--- Work task ---
Could you reproduce, from the records below, everything from the line with "Miu Miu Striped Zip-up Cardigan In Brown" down to the line with "NE license plate 2K4481", keeping both of those lines and changing nothing?

--- Data to use ---
====
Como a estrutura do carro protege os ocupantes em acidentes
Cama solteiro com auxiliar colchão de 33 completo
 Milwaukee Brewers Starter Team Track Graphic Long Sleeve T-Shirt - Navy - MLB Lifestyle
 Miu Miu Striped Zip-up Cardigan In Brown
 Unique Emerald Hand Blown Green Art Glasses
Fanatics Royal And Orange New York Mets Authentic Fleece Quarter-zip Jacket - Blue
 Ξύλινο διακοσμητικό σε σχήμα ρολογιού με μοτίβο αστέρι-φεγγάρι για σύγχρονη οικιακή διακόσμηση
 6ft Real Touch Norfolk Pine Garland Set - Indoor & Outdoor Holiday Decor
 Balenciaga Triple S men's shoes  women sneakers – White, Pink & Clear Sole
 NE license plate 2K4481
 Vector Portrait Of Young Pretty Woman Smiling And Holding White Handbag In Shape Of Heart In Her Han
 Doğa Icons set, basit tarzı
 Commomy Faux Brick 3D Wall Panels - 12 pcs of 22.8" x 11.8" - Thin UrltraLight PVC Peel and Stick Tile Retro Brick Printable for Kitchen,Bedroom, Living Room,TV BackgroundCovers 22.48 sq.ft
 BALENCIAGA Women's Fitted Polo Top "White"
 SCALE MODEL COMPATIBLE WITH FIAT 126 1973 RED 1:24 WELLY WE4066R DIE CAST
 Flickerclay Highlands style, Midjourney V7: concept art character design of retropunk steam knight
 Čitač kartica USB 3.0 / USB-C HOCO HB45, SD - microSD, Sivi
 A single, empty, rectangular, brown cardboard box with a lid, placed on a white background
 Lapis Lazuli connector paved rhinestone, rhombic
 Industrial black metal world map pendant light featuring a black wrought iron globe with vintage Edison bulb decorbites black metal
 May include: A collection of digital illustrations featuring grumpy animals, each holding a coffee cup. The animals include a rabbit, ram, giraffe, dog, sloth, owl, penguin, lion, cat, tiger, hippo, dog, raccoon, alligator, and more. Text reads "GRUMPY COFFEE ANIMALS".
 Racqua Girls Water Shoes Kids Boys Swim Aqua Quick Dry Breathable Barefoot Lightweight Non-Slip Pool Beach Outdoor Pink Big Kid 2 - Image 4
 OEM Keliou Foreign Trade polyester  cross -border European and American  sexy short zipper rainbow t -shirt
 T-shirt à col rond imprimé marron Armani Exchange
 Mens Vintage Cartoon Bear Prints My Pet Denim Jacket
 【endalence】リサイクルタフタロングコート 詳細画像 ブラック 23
====
--- Result of the exercise ---
 Miu Miu Striped Zip-up Cardigan In Brown
 Unique Emerald Hand Blown Green Art Glasses
Fanatics Royal And Orange New York Mets Authentic Fleece Quarter-zip Jacket - Blue
 Ξύλινο διακοσμητικό σε σχήμα ρολογιού με μοτίβο αστέρι-φεγγάρι για σύγχρονη οικιακή διακόσμηση
 6ft Real Touch Norfolk Pine Garland Set - Indoor & Outdoor Holiday Decor
 Balenciaga Triple S men's shoes  women sneakers – White, Pink & Clear Sole
 NE license plate 2K4481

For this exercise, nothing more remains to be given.